One of the questions of Byron Katie’s The Work is “How do you react when you believe that thought?” I spent a little time, probably just an hour, answering that question about my health belief. All sorts of thoughts came up. I dealt with each one Sedona Method-style by tying it to an underlying want and releasing it.

What a dramatic effect! I’m still not hootless, but that hour spent on the belief has done more for me than the past twenty hours spent on the goal. I think that, for me, working on the goal is simply too prone to my ego playing tricks: my ego keeps reinforcing that, yes, I want the goal. Working on the underlying belief is much clearer: there’s no way for my ego to pretend that I’m not making a destructive judgment.

Ironically, the thoughts that arise when working on the belief are mostly the same ones that arise when doing the goals process, just worded slightly differently. I know the goals process works well for many people, so it must just be a particular twist of my ego that I have so much trouble with it.

I guess that’s the reason that there’s such a proliferation of non-dualistic approaches: everyone’s ego has its own unique strengths at twisting truth. Sometimes we need just the right approach to get around our ego’s defenses.



Revisiting Goals
November 6, 2008, 4:54 pm
Filed under: Suffering, World | Tags: , , , , , , , , ,

I wrote a few weeks ago about my dilemma of working with goals. Since then, I’ve come to a very different conclusion.

Today, I’m on Lesson 68 from A Course In Miracles, which says, “Love holds no grievances.” The exercises focus on grievances against people, but I realized that the same argument holds for grievances against the world.

Every goal I have is, by definition, an area where I want the world to be different. It doesn’t matter, as ACIM teaches, that I don’t recognize my own best interests. Whether I’d be better off achieving my goal or not, it’s still an area where I’m holding a grievance against the world. The very fact of my ego wanting the goal is the opposite of what Byron Katie would describe as “loving what is.”

Or, to put it another way, my goal represents a belief that achieving something would make life better. As I’ve written before, all beliefs are bad. Believing that I should have more money, better health, whatever, is a belief that forms a basis for judgment.

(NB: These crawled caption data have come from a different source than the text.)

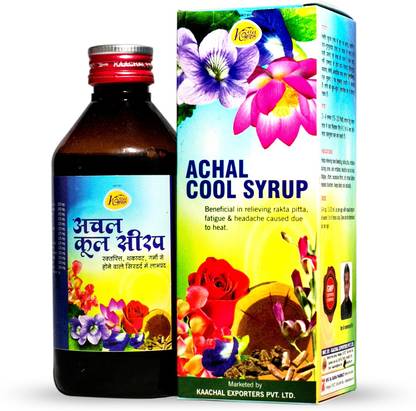 Kaachal COOL SYRUP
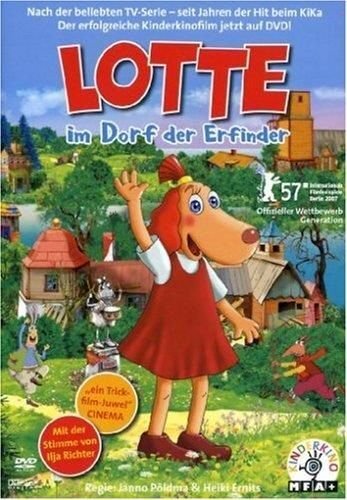 Lotte dorf der erfinder dvd - lotte,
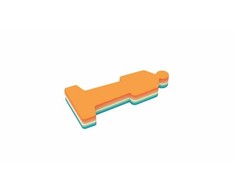 Maul MAUL Moderationskarten Mensch 9 x 20 cm, 120 St./Pack Bunt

There are some beliefs that I’m finding it hard to let go of. Because I suffer from Crohn’s Disease, I’m often in pain. It’s difficult to let go of the idea that I’d be better off healthy and pain-free. It’s hard to stop thinking about having the goal of health, since every bout of pain reminds me. However, this must mean that I haven’t really accepted it yet.

I’ve been working on my health goal using the Sedona Method for about 16 months now, and I’ve spent some time using The Work and prayer as well. I must have made some progress, since I’m not nearly as angry about it as I used to be. It’s still definitely a grievance of mine, though.

Alas, I think that means it’s time to eat my earlier words, and start working on earnest on my goals again. And my health goal, being the one about which I’m most judgmental, should probably come first.